== Supplied entries

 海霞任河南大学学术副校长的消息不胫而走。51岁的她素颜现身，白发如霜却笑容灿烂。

====
== Supplied entries

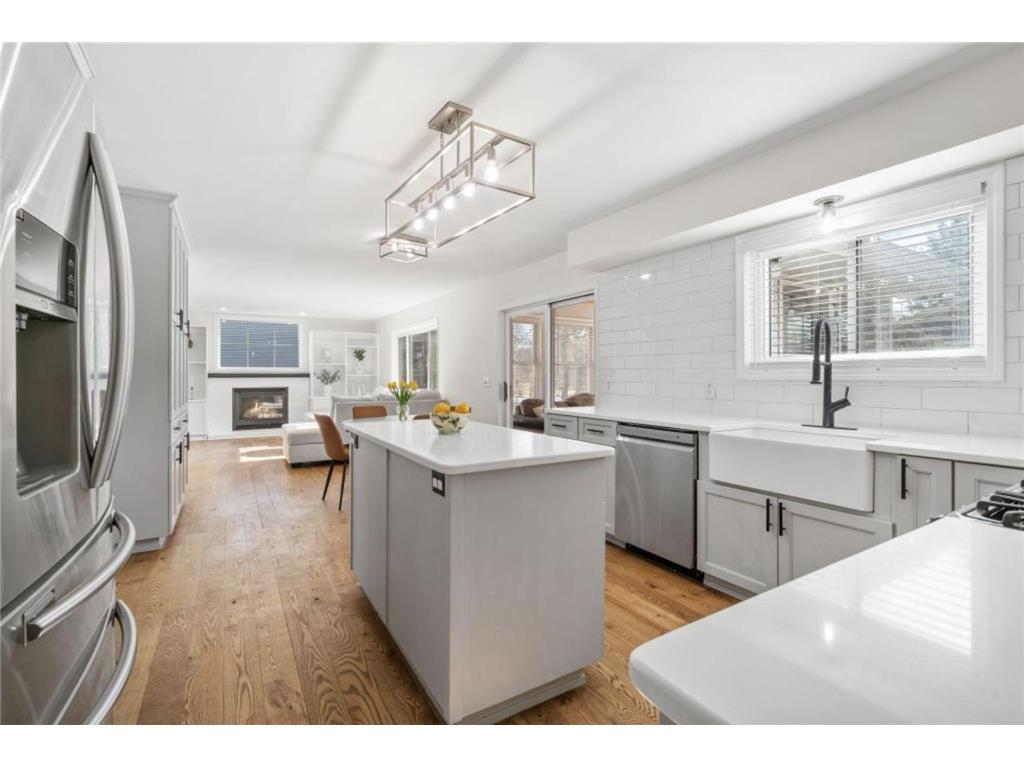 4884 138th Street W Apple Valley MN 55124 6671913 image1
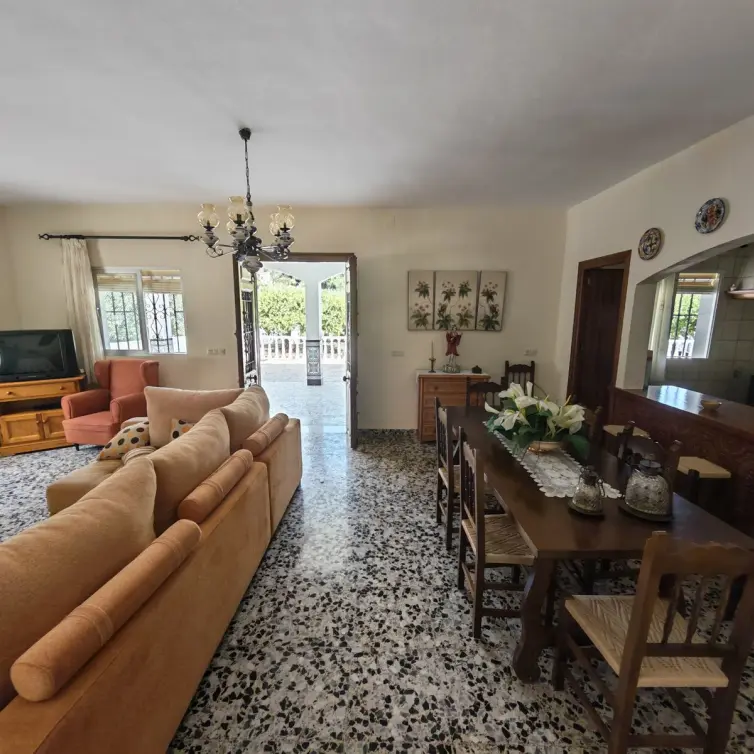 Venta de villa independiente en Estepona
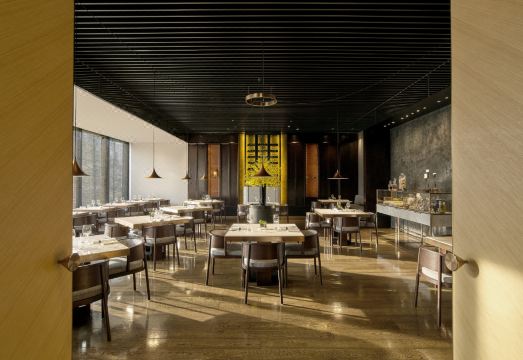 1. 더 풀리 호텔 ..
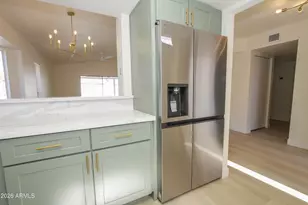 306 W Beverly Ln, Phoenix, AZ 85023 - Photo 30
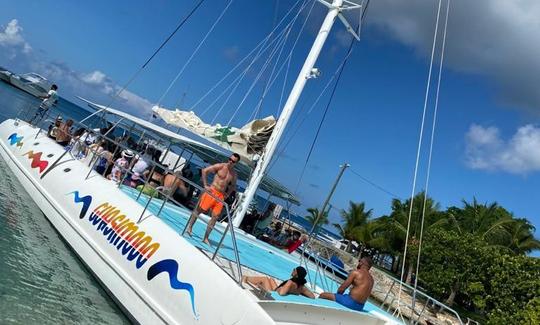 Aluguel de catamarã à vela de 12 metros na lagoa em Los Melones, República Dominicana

====

• [How to complete this task]: Look above for the line with "Venta de villa independiente en Estepona" and the line with "Aluguel de catamarã", then copy them and all lines in between exactly as written, and only those, without any pictures.

• [Worked solution]:
 Venta de villa independiente en Estepona
 1. 더 풀리 호텔 ..
 306 W Beverly Ln, Phoenix, AZ 85023 - Photo 30
 Aluguel de catamarã à vela de 12 metros na lagoa em Los Melones, República Dominicana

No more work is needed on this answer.